I’ll answer that with a screenshot:
{% img img-responsive /images/posts/ruby-2-1-improvement.png 645 259 I’d call that a big yes %}
We upgraded from Ruby 1.9 to 2.1 in production about a week ago, and this is what we saw. The gray section at the bottom is our garbage collection time going to almost nothing. Overall, the upgrade gave us a 15-20% improvement in server response time. That’s without doing any additional GC tuning!
We saw a big boost in Google’s and Bing’s crawl rates after shipping the upgrade, which is especially awesome for sites like ours that benefit heavily from search engine traffic.
Cool, so how hard was it?
On a large Rails app with close to 150 gem dependencies, the upgrade took a single small commit and a few days of testing. We run rvm on all of our servers and provision with chef, so upgrading all our servers to 2.1 was as simple as changing a version number in a chef role file.
What problems did we run into?
We still use iconv for transliteration, so we had to include the
iconv gem, which replaces built-in
functionality that was removed from 2.x. I was never able to get
ruby-debug or the
debugger gem working under 2.x,
so we switched to pry and
pry-byebug. I
still prefer the debugger gem to pry-byebug, but pry is so much better
than irb that it's kind of a wash. Deivid Rodriguez,
byebug’s author, pointed out that my problems with pry-byebug were
probably not caused by byebug. He was totally right! (it was actually
caused by the interaction between byebug and pry).
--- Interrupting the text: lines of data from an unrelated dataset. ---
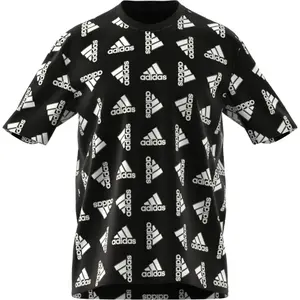 Camiseta adidas Essentials Loose Giant image-5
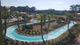 piscina de exterior / para el sector profesional / enterrada / de hormigón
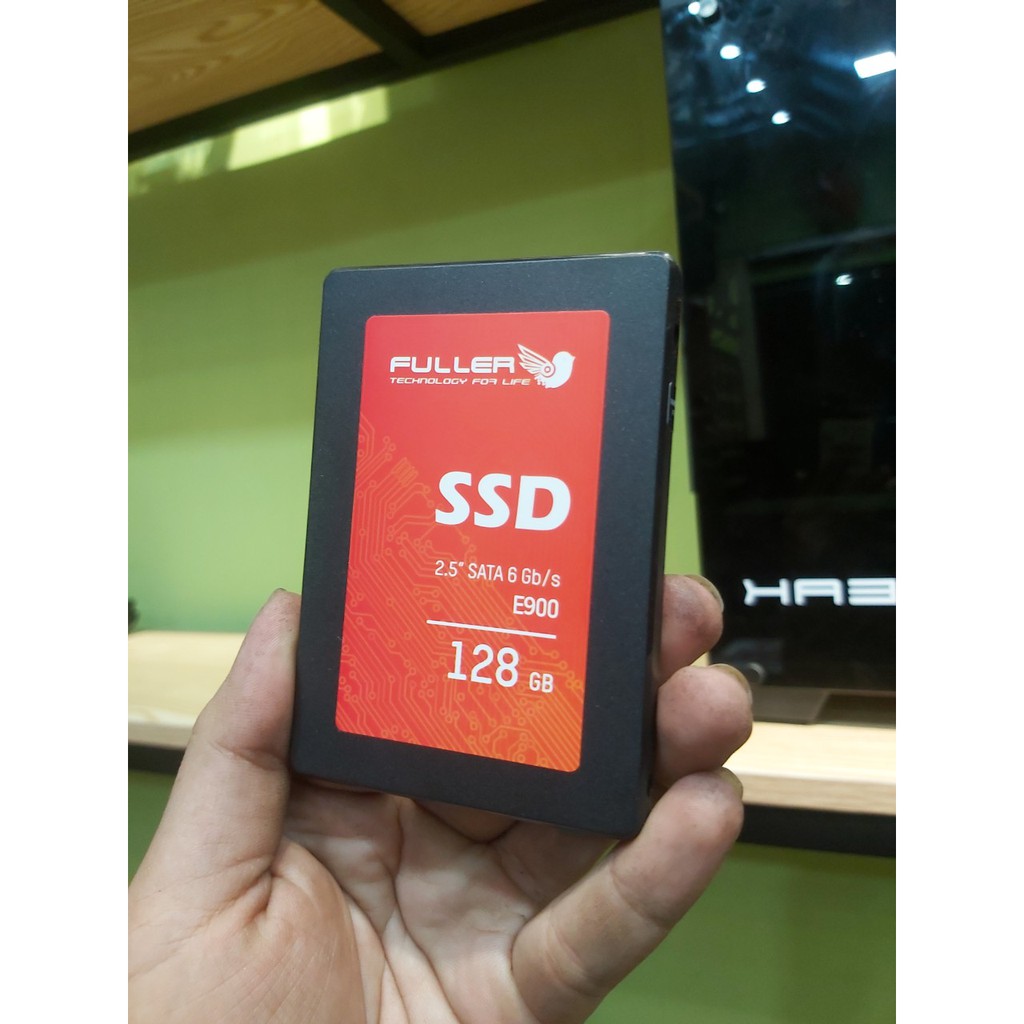 Ổ cứng SSD + HDD chính hãng giá rẻ !!! | BigBuy360 - bigbuy360.vn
In a mixed 1.9 and 2.1 environment, you’ll also have to upgrade bundler to 1.5.1. With the new version of bundler, you can specify 2.1 as a platform requirement in your Gemfile:
It sounds like GitHub ran into some other problems with 2.1, mentioned by Aman Gupta in this gist: https://gist.github.com/tmm1/8393897, but we haven’t noticed any issues yet.
You’ll also want to tune the GC after you ship to get even more speed. Aman has a good post with lots of details on how to do that: http://tmm1.net/ruby21-rgengc/. The entire 2.1 series on his blog is worth reading if you want to get the most benefit from your cheap, simple Ruby upgrade.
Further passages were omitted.